▸ **Data excerpt**
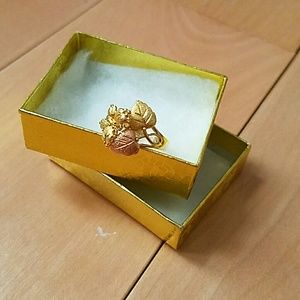 New 14k plated butterfly ring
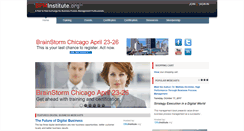Desktop Screenshot of bpminstitute.org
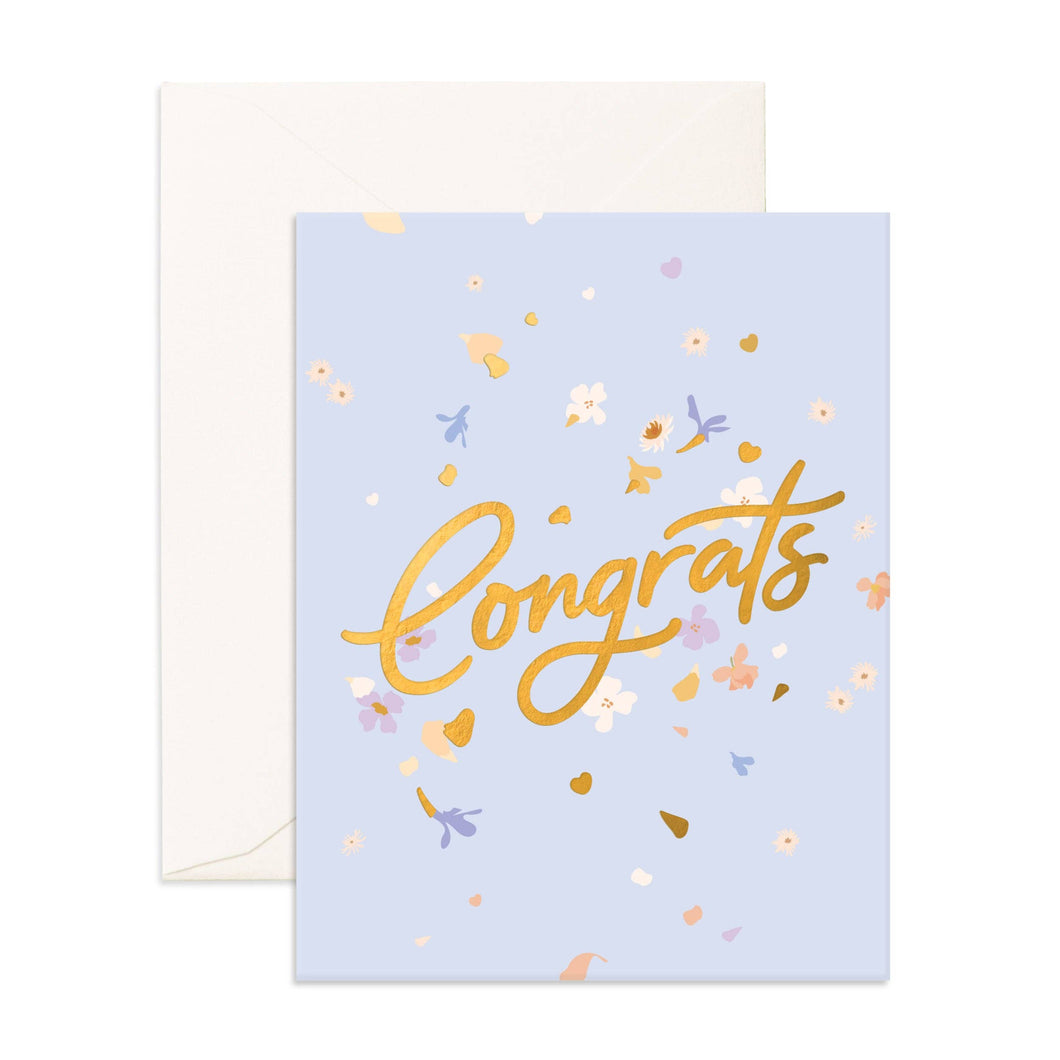 Congrats Flowerbomb Greeting Card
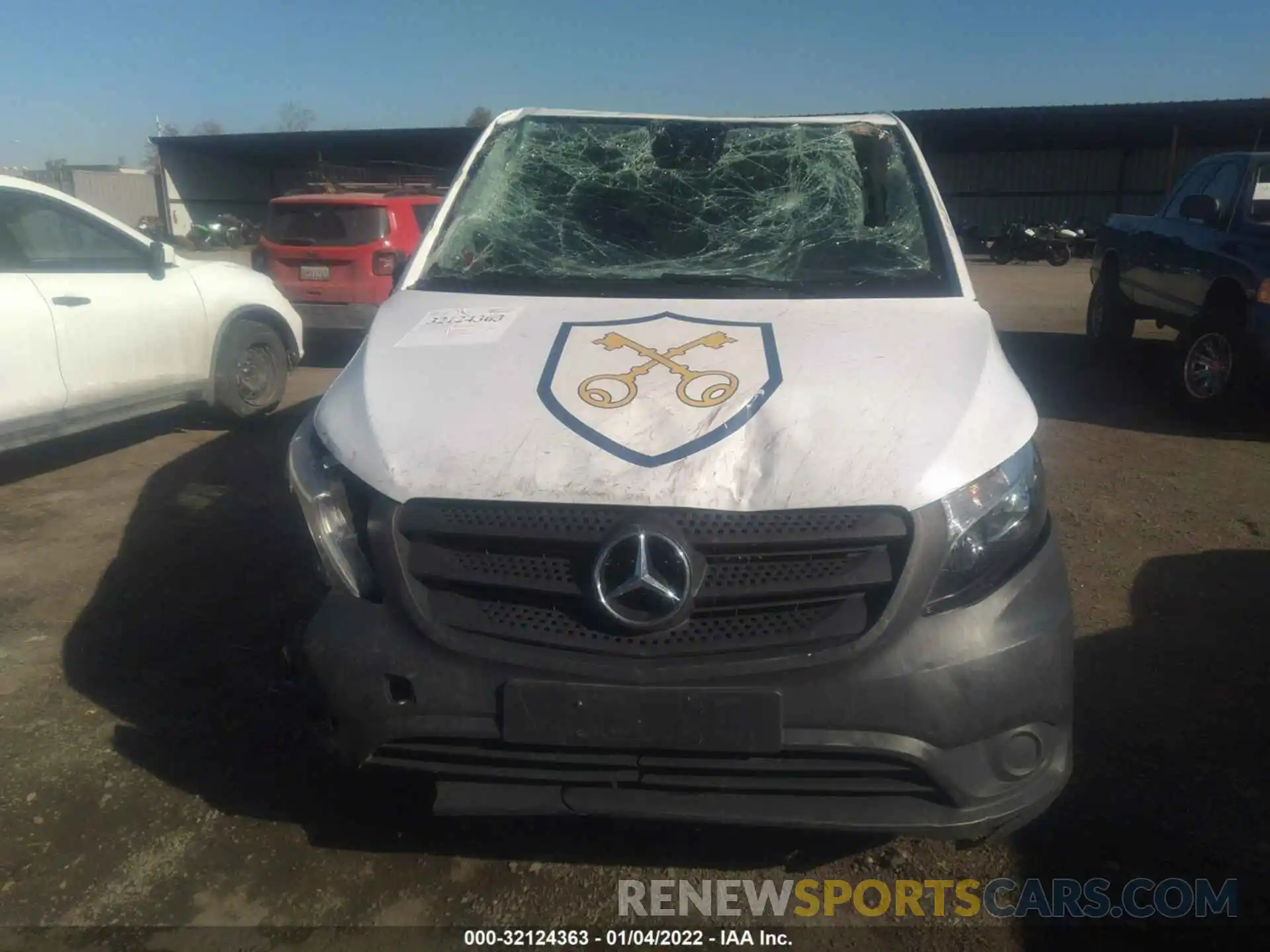 6 Photograph of a damaged car WD3PG2EA1L3673030 MERCEDES-BENZ METRIS CARGO VAN 2020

▸ **What you are asked to do**
Transcribe all of the lines above exactly as given. The pictures stay out.

▸ **Result for this exercise**
 New 14k plated butterfly ring
Desktop Screenshot of bpminstitute.org
 Congrats Flowerbomb Greeting Card
 6 Photograph of a damaged car WD3PG2EA1L3673030 MERCEDES-BENZ METRIS CARGO VAN 2020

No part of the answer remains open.